Comment, en effet, juger une élection « transparente », quand les résultats sont annoncés au milieu de la nuit, dans un pays où l’ensemble des communications sont coupées depuis la veille du scrutin de dimanche ? Comment la considérer comme « équitable », quand les moyens de l’État sont à la disposition d’un candidat, tandis que les opposants sont contraints au bricolage ? Ou quand le calendrier électoral est imposé par le candidat-président ? Comment, enfin, estimer que cette élection a été obtenue à l’issue d’une campagne apaisée, quand les quartiers de la capitale, Brazzaville, réputés frondeurs sont quadrillés par les forces de l’ordre, et que les journalistes, comme l’envoyé spécial du Monde et deux reporters de l’Agence France-Presse, se font agresser par des policiers en civil dans une évidente manœuvre d’intimidation?
En guise d’avertissement, les manifestants qui s’étaient aventurés dans les rues, en octobre 2015, pour contester le vote d’une nouvelle Constitution, taillée sur mesure pour permettre à Denis Sassou-Nguesso, bloqué par la limite d’âge et son nombre de mandats, de se représenter, avaient subi une répression qui a fait entre 4 et 20 morts. Puis en février, les partisans du général Jean-Marie Michel Mokoko, l’un des principaux compétiteurs de cette présidentielle, avaient été violemment pris à partie par des gros bras du régime, lorsqu’ils étaient venus accueillir leur candidat à l’aéroport.

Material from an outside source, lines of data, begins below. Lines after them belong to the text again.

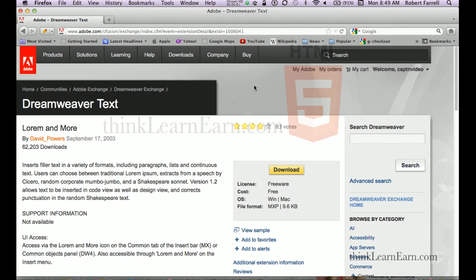Today I'm going to share with you one of my favorite Dreamweaver free extensions. I'll have the link to this extension inside the description of this video. This extension is really cool — it puts in dummy text and puts unordered lists into place for you, so you don't have to type, especially if you're doing client mockups from scratch.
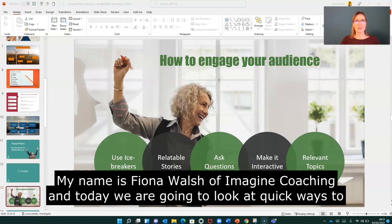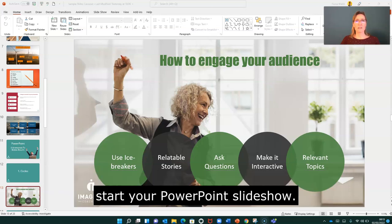Hello, my name is Fiona Walsh of Imagine Coaching, and today we're going to look at quick ways to start your PowerPoint slideshow.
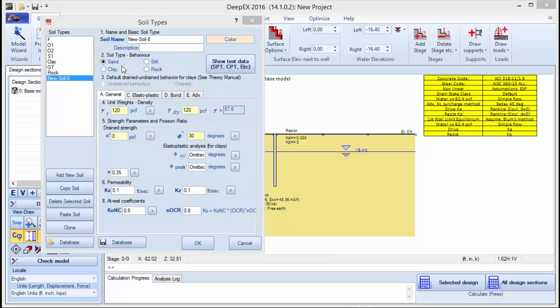Here we can define the soil type. We can choose among sand, clay, silt, and rock.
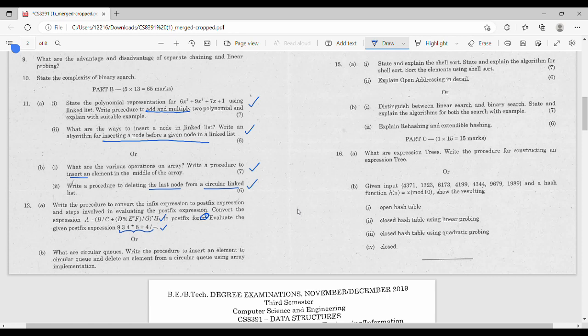What are circular queues? Write the procedure to insert an element into a circular queue and delete an element from a circular queue — insert and delete. How do you implement it? Using an array or a linked list.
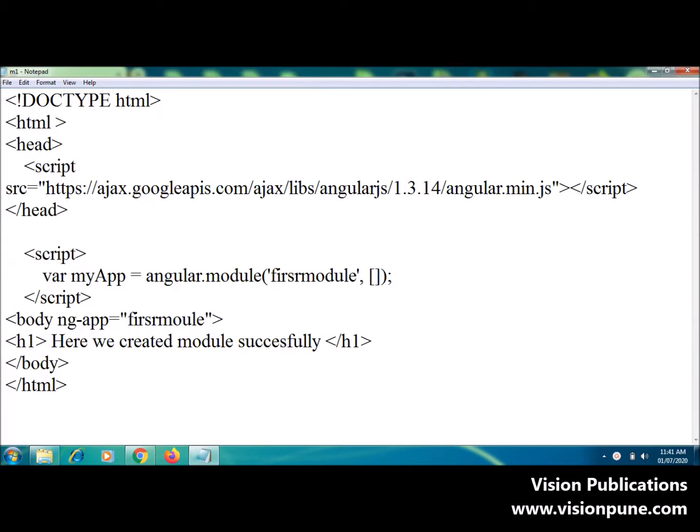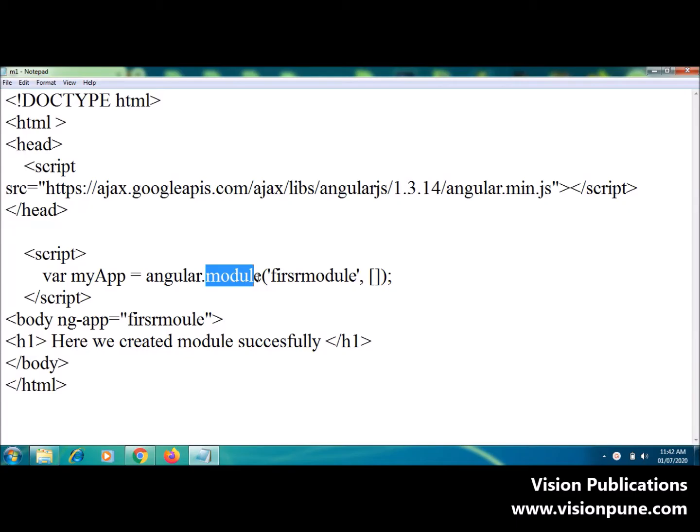All of you know about what is the module. To create a module, the angular object's module method is used. It is called AngularJS function, angular.module.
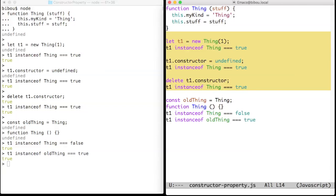Here I undefined the constructor property and instanceof still works. Here I delete the constructor property and instanceof still works.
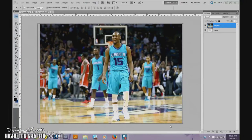Welcome to the second video. It's Tyler here, Highlighter Graphics. This video is going to be on masking and cropping a player out, separating him from the background to stand out from the design.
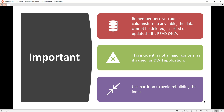An important point to remember: once you add a column store index to any table, the data cannot be deleted, inserted, or updated — it becomes read-only. However, this is not a major concern since column store indexes are used for data warehouse applications, which are primarily used for read purposes. We don't prefer to do a lot of alter or write operations in a data warehouse.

Les opposants congolais, qui dénoncent « un hold-up électoral », ont souvent longtemps frayé avec le pouvoir, et leur conversion à la démocratie est des plus tardives. Guy-Brice Parfait Kolélas, arrivé second selon les résultats officiels, a été un ministre de l’inamovible président et demeure un proche de l’extrême droite française. Jean-Marie Michel Mokoko a été le chef d’état-major des armées de M. Sassou Nguesso et serait impliqué dans une tentative de coup d’Etat contre lui.
Il n’en demeure pas moins que la réélection de Denis Sassou Nguesso ne fait pas avancer la démocratie au Congo-Brazzaville. Et par contrecoup sur le continent africain, qui détient le record mondial du nombre de présidents cumulant plusieurs décennies au pouvoir.

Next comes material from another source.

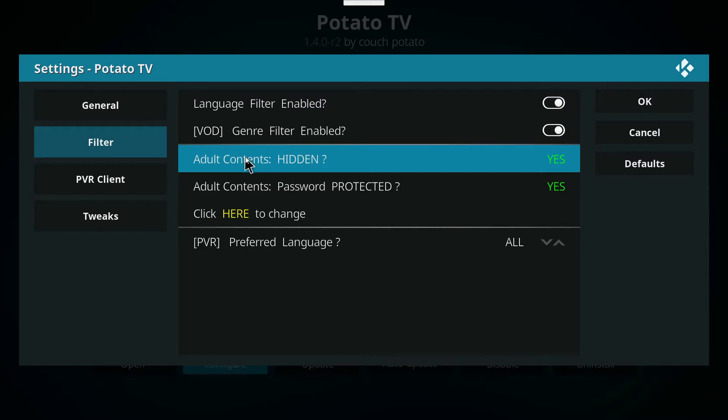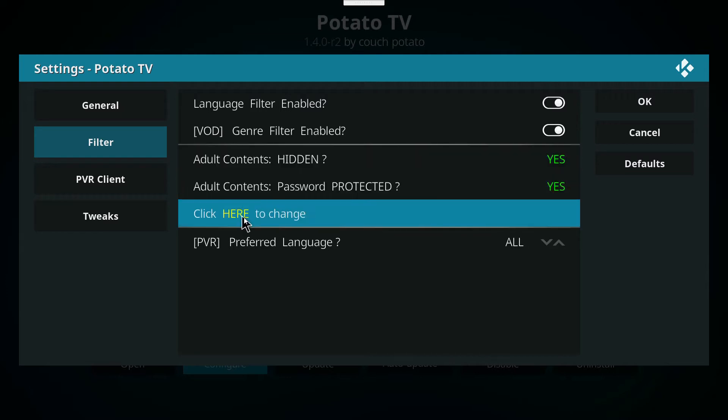All right, so a few people have been asking me how to enable the adult channels after installing their subscription with Potato TV. Once you go into the configuration, what you're going to do is click where it says 'click here to change'.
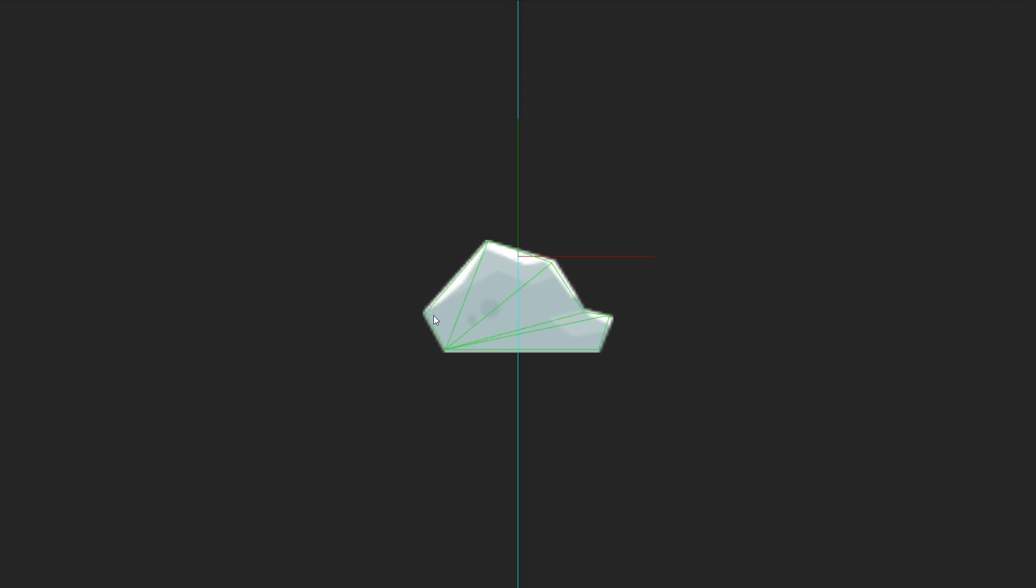One more thing. You might have noticed that there are lines that were added to our mesh. We didn't have those when we were creating the model. Those lines were added to create triangle shapes, and they were added automatically. If you're creating complex shapes, when those lines get added automatically, they might be added in a way that it might mess up your shape.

Une tendance lourde se dessine ainsi au sud du Sahara : celle des potentats, dont le clan élargi a mis la main sur les richesses du pays – au Congo, elles sont pétrolières –, modifiant les Constitutions à leur convenance pour rester au pouvoir. Après la réélection de Denis Sassou Nguesso et du Burundais Pierre Nkurunziza, celles du Tchadien Idriss Déby et du Djiboutien Ismaïl Omar Guelleh se profilent dans les prochaines semaines, dans un climat comparable à celui observé à Brazzaville.

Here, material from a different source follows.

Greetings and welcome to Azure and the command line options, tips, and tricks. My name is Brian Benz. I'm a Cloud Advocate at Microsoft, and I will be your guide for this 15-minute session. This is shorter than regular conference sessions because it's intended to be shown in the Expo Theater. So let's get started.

Un anachronisme sur un continent qui regarde vers l’avenir et s’ouvre à l’extérieur. Pour tous ces « dinosaures », le danger ne vient pas de la contestation d’opposants affaiblis ou de chancelleries occidentales agacées. Il est à chercher dans l’exaspération d’une jeunesse sans avenir, sans emploi, et qui n’a connu qu’un seul régime.